Exercise brief: A faithful copy of the data is what is wanted, minus any pictures.

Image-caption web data
>>>>>
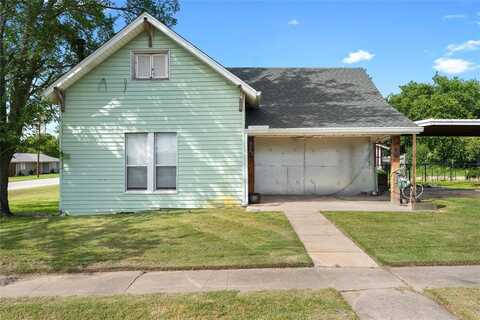 442 W Mccart Street, Krum, TX 76249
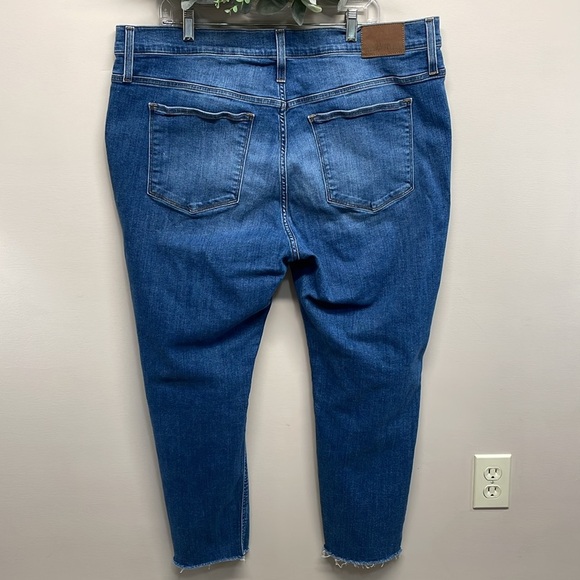 J. Crew Mercantile Skinny Jeans Raw Hem Style D401813 Size 35 - Picture 4 of 15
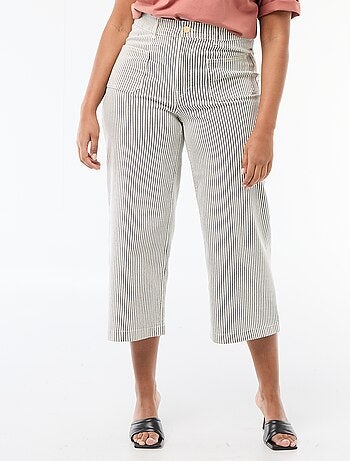 Broek met wijde pijpen / wide leg met standaard taille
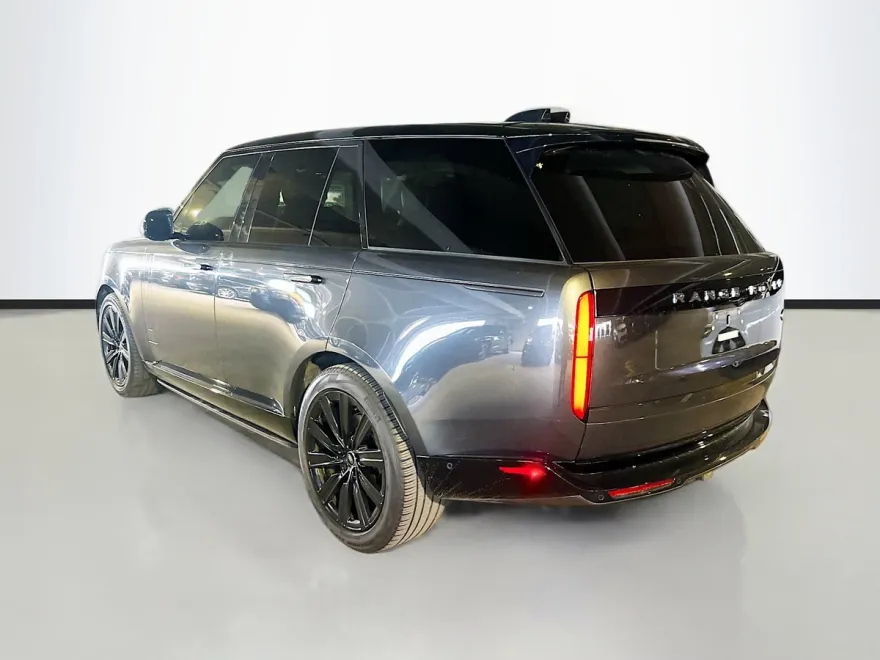 2023 Land Rover Range Rover SE photo 1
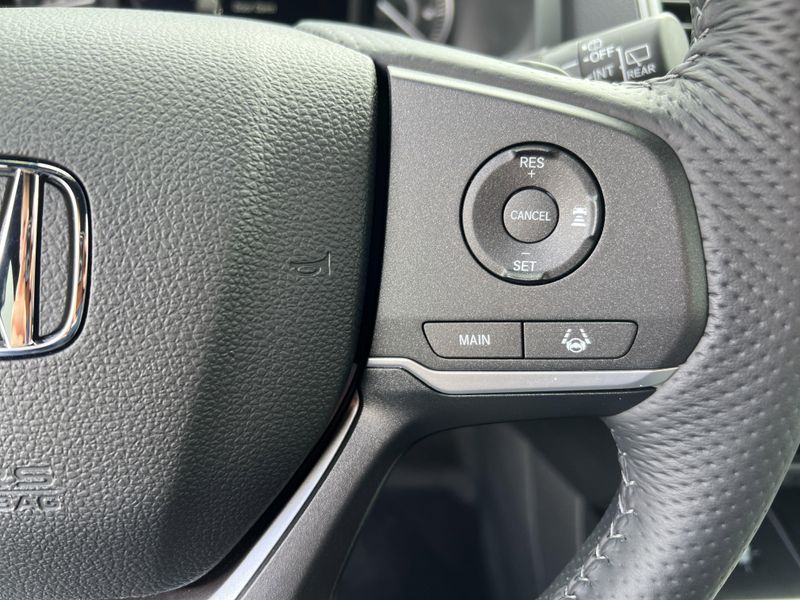 2025 Honda Passport EX-LImage 12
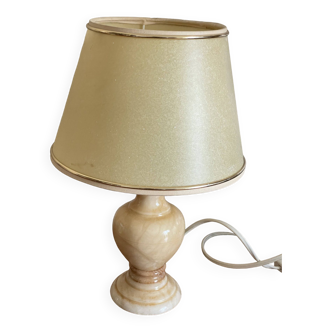 Lampe en marbre rose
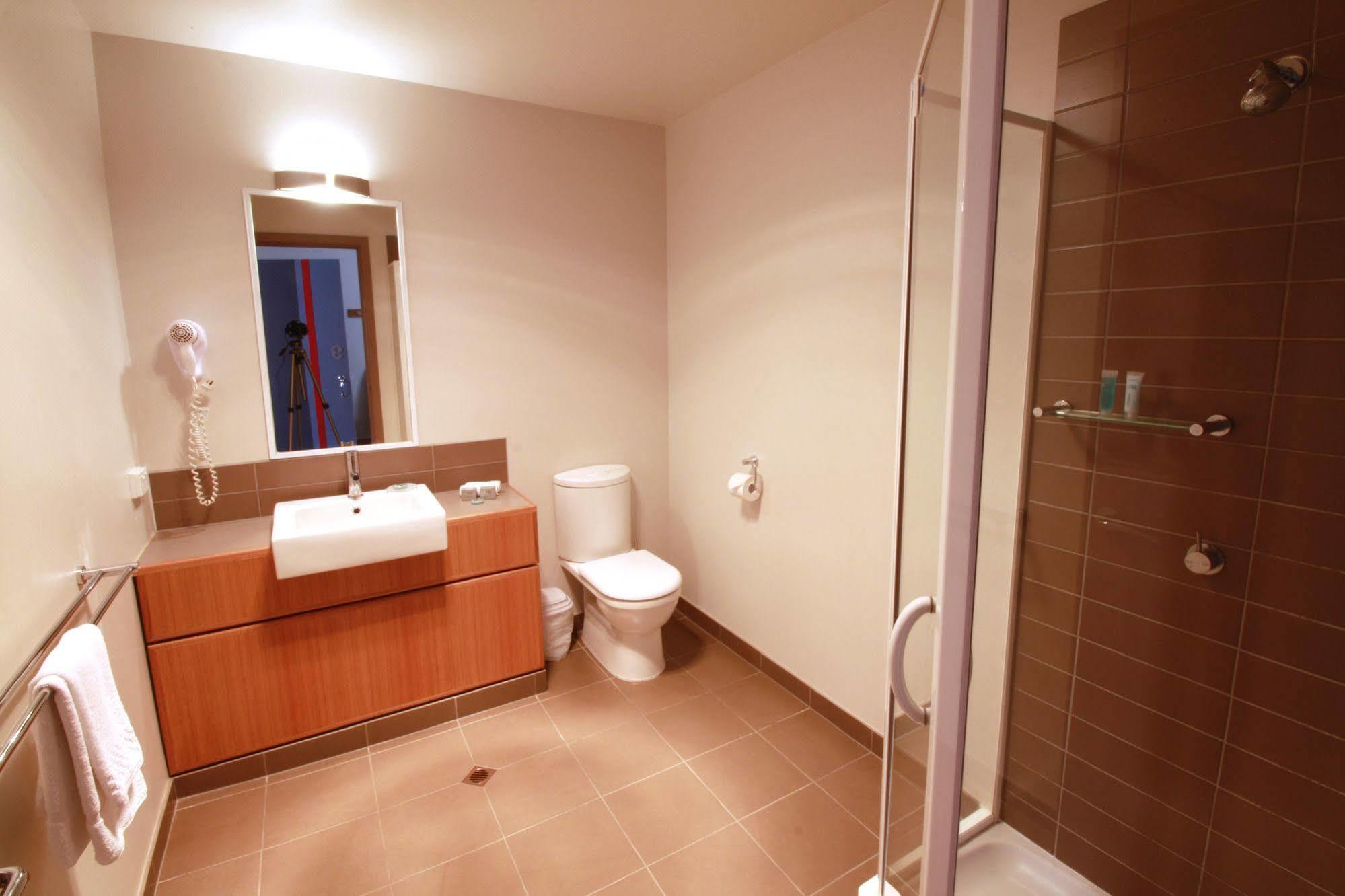 Hotel Central Hotel Hobart 3*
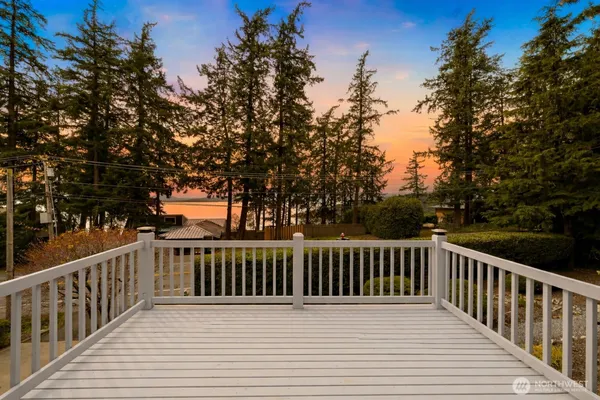 $899,900 | 1348 Chuckanut Mountain Drive, Bellingham, WA 98229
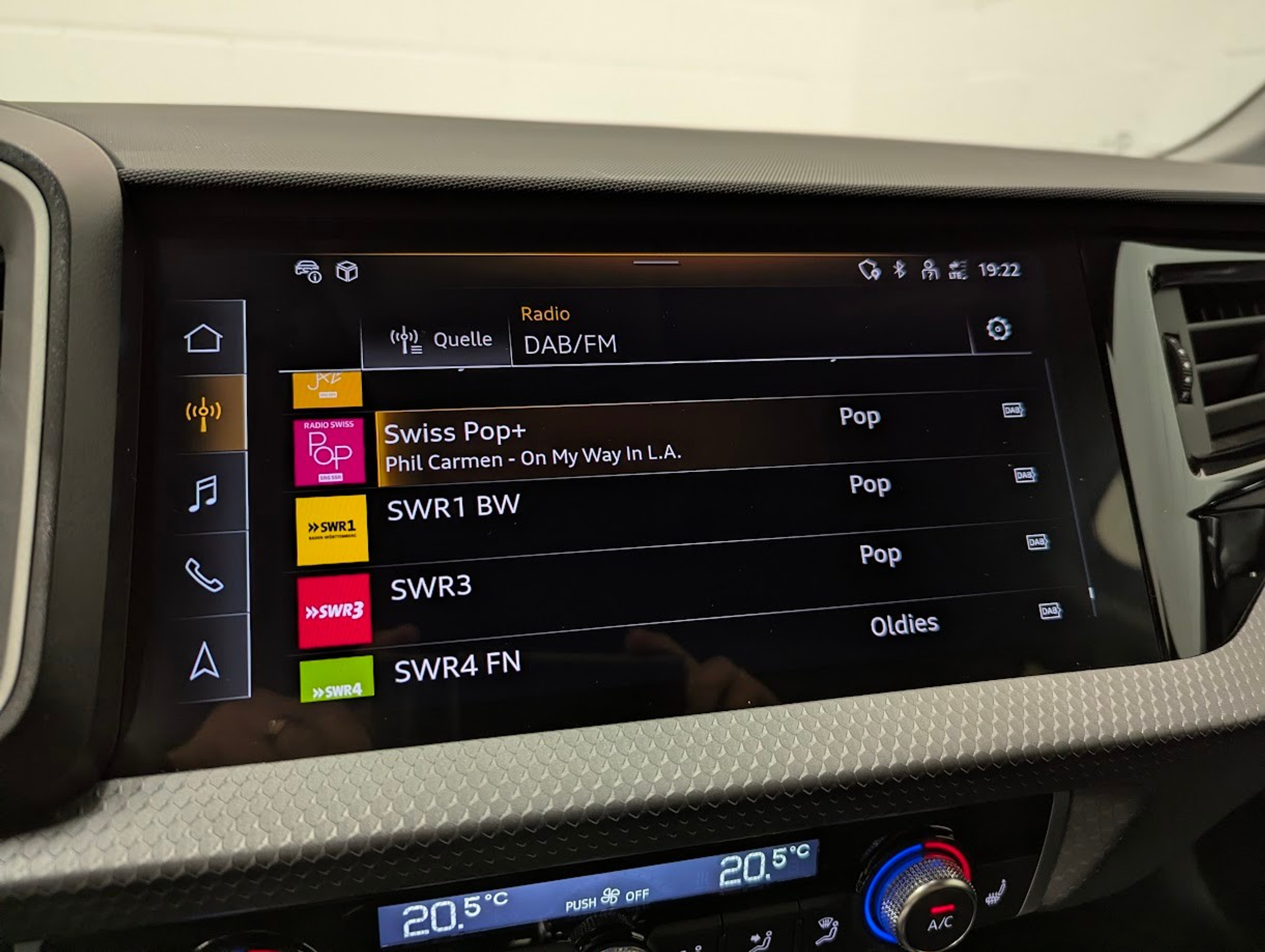 listing desktop thumbnail image 15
<<<<<
Answer space:
 442 W Mccart Street, Krum, TX 76249
 J. Crew Mercantile Skinny Jeans Raw Hem Style D401813 Size 35 - Picture 4 of 15
 Broek met wijde pijpen / wide leg met standaard taille
 2023 Land Rover Range Rover SE photo 1
 2025 Honda Passport EX-LImage 12
 Lampe en marbre rose
 Hotel Central Hotel Hobart 3*
 $899,900 | 1348 Chuckanut Mountain Drive, Bellingham, WA 98229
 listing desktop thumbnail image 15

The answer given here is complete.